Por otro lado, el gobierno, apoyado por los servicios de seguridad y sus infiltrados en las marchas, busca la criminalización y desprestigio del movimiento estudiantil y de quienes lo apoyan, sumándole a esto una campaña comunicacional que pretende imponer la idea de que las peticiones de los estudiantes son imposibles de realizar y que además incluyen en éstas cuestiones que no pertenecen al ámbito de la educación sino al político; es decir, un ámbito donde no les corresponde exigir ni resolver a los estudiantes.

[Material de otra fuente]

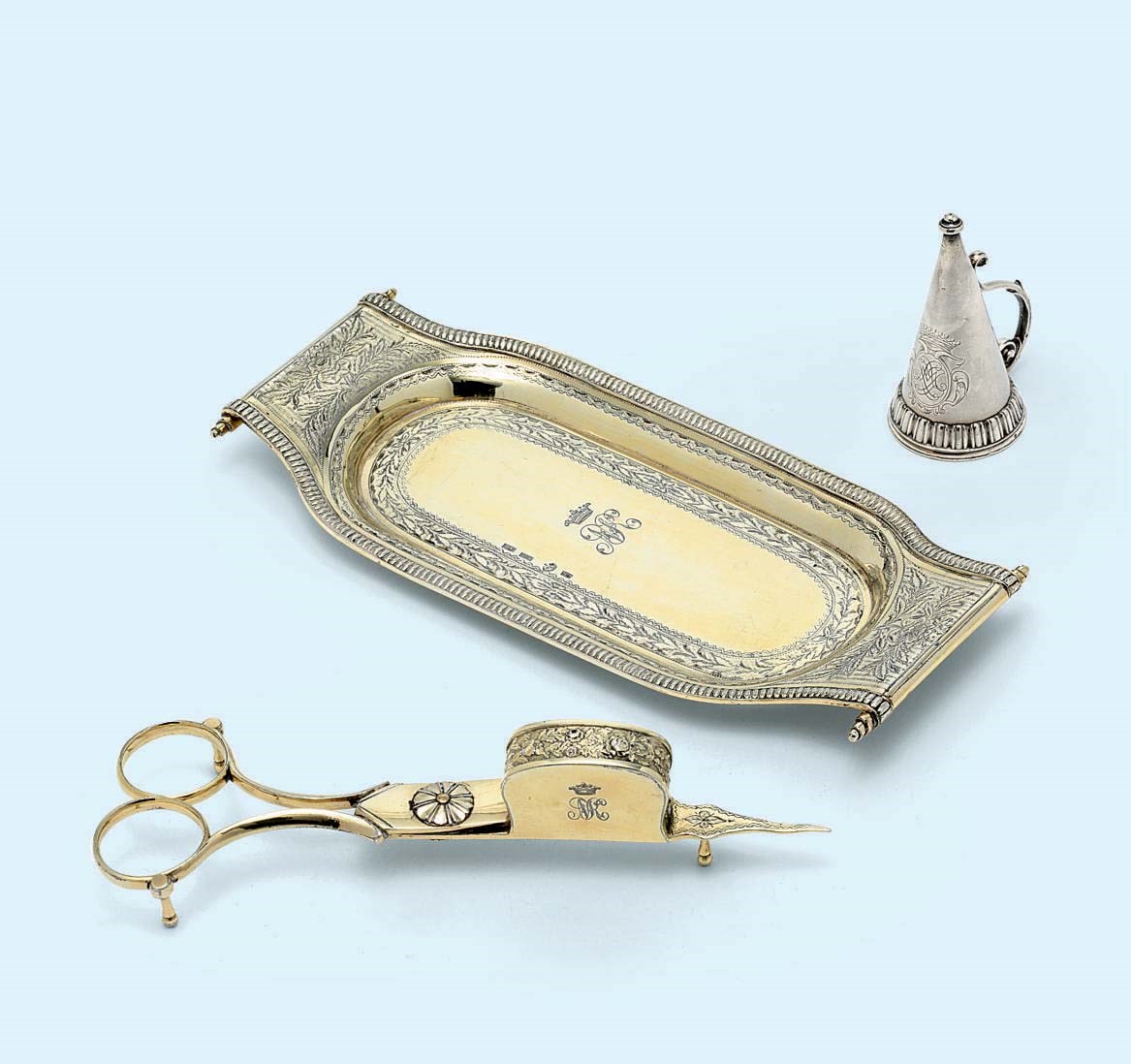 A PAIR OF RUSSIAN SILVER-GILT CANDLE-SNUFFERS AND STAND WITH AN EXTINGUISHER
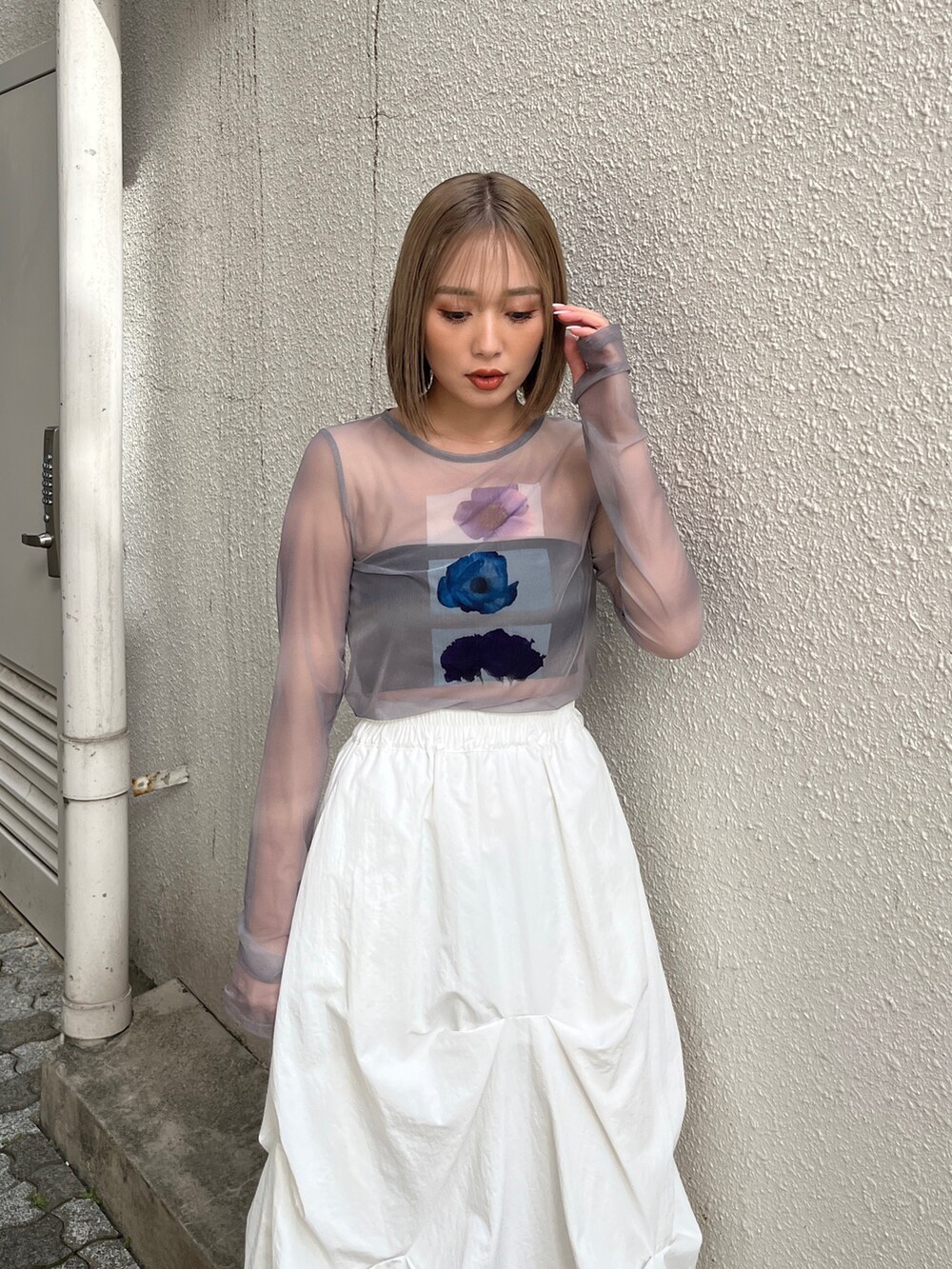 グレー系のTシャツ/カットソー、ホワイト系のベスト、ホワイト系のスカートを着用したレディースの冬コーディネートの10枚目の写真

Ante estos hechos, hasta hoy la actitud de los estudiantes ha sido clara y firme, no han cedido a las presiones ni se han dejado amedrentar. Mantienen su petitorio central y defienden su derecho a opinar en política y asuntos económicos con el mismo derecho que tiene todo ciudadano. Junto a esto está la exigencia de una educación pública de calidad y gratuita, y el fin del lucro en la educación, asuntos cuya solución va de la mano con reformas tributarias y cambios políticos de fondo. Los estudiantes tampoco se han dejado farandulizar, como ocurrió con los Pingüinos en el año 2006; y los intentos, en ese sentido, por parte de la TV y la prensa empresarial, no han sido pocos. Lo importante de este movimiento es su propuesta más allá del problema de la educación, pues han colocado en la mesa de discusión temas relacionados con la democracia y los derechos ciudadanos, como son, por ejemplo, acabar con una Constitución ilegítima, pedir una Asamblea Constituyente y exigir la recuperación de nuestros recursos naturales y estratégicos, recursos que fueron saqueados por la derecha pinochetista en los años ochenta, y en los noventa con la complicidad de la Concertación. Los estudiantes también han demostrado inteligencia y cohesión en sus planteamientos, proyectando la protesta social como un derecho sine qua non del pueblo, demostrando con ello que la protesta social es una herramienta absolutamente legítima contra los opresores que se enriquecen a costa de la miseria de todo un país.